Accurate Multi-Category Student Performance Forecasting at Early Stages of Online Education Using Neural Networks
Naveed Ur Rehman Junejo, Muhammad Wasim Nawaz, Qingsheng Huang, Xiaoqing Dong, Chang Wang, Gengzhong Zheng
TL;DR
The paper tackles multiclass early prediction of online student performance by predicting four outcome categories (Distinction, Pass, Fail, Withdrawn) using a data-analytic pipeline on the OULAD dataset. It introduces a 1D-CNN architecture with a comprehensive preprocessing workflow that merges multiple data sources, engineers features such as total_reg_days, and trains with class weights to handle imbalance. Empirically, the approach significantly outperforms baselines like RF, DFFNN, and ANN-LSTM across accuracy, precision, recall, and F1, achieving around 92% accuracy at 20% course length and about 98% at complete course length, with robust ROC-AUC even in early windows. The work demonstrates strong potential for timely interventions in online education and suggests Transformer-based extensions for even better performance in future research.
Abstract
The ability to accurately predict and analyze student performance in online education, both at the outset and throughout the semester, is vital. Most of the published studies focus on binary classification (Fail or Pass) but there is still a significant research gap in predicting students' performance across multiple categories. This study introduces a novel neural network-based approach capable of accurately predicting student performance and identifying vulnerable students at early stages of the online courses. The Open University Learning Analytics (OULA) dataset is employed to develop and test the proposed model, which predicts outcomes in Distinction, Fail, Pass, and Withdrawn categories. The OULA dataset is preprocessed to extract features from demographic data, assessment data, and clickstream interactions within a Virtual Learning Environment (VLE).

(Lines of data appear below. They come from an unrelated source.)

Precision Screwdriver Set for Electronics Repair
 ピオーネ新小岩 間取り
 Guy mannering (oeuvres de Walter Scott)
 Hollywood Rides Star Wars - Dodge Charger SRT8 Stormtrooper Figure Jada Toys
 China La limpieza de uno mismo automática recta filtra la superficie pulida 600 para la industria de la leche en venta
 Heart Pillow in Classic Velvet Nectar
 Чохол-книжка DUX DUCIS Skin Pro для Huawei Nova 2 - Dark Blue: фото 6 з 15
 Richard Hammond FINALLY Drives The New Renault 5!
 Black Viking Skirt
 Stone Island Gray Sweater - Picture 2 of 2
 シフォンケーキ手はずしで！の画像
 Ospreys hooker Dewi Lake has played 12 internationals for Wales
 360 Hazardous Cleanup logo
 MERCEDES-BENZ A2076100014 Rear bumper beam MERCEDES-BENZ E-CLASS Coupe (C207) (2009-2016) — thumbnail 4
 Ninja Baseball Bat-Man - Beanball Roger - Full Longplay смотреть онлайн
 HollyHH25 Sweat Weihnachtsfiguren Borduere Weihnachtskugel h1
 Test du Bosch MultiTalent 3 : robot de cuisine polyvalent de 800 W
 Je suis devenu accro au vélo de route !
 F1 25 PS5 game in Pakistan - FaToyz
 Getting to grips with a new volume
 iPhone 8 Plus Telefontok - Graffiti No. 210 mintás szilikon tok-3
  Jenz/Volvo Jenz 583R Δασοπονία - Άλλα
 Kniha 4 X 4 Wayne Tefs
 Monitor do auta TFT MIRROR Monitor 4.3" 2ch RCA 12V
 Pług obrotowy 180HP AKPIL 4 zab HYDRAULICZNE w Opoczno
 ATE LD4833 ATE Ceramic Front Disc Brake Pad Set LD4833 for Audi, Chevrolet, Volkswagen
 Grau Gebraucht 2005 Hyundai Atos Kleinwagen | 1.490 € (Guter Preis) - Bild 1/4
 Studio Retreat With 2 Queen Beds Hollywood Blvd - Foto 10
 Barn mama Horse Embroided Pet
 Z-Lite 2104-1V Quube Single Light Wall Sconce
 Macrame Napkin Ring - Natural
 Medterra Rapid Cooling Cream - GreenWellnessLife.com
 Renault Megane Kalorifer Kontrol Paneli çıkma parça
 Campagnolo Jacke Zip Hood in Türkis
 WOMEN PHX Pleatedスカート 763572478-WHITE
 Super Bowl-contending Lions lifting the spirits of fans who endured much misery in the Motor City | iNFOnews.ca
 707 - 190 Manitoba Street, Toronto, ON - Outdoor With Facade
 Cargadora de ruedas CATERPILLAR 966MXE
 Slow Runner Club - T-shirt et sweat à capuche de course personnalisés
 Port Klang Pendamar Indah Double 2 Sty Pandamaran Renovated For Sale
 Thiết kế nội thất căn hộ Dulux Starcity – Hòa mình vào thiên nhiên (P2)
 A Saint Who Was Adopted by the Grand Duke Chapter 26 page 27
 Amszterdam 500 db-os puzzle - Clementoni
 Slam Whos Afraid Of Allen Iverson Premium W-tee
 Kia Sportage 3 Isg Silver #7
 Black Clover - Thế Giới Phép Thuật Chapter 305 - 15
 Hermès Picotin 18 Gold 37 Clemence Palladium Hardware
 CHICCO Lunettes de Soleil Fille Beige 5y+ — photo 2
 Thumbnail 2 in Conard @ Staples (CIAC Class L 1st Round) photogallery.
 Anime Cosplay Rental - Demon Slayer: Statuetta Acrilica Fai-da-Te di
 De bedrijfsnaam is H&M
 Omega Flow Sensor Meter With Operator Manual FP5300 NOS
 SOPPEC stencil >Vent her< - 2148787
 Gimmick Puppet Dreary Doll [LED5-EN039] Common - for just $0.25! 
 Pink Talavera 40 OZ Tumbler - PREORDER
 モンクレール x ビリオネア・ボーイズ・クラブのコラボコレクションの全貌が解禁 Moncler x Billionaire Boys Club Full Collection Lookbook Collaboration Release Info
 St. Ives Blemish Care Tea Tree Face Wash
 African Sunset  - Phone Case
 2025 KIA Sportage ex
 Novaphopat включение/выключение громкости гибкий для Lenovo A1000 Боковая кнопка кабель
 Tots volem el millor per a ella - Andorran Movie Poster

Comparative simulations indicate that the proposed model significantly outperforms existing baseline models including Artificial Neural Network Long Short Term Memory (ANN-LSTM), Random Forest (RF) 'gini', RF 'entropy' and Deep Feed Forward Neural Network (DFFNN) in terms of accuracy, precision, recall, and F1-score. The results indicate that the prediction accuracy of the proposed method is about 25% more than the existing state-of-the-art. Furthermore, compared to existing methodologies, the model demonstrates superior predictive capability across temporal course progression, achieving superior accuracy even at the initial 20% phase of course completion.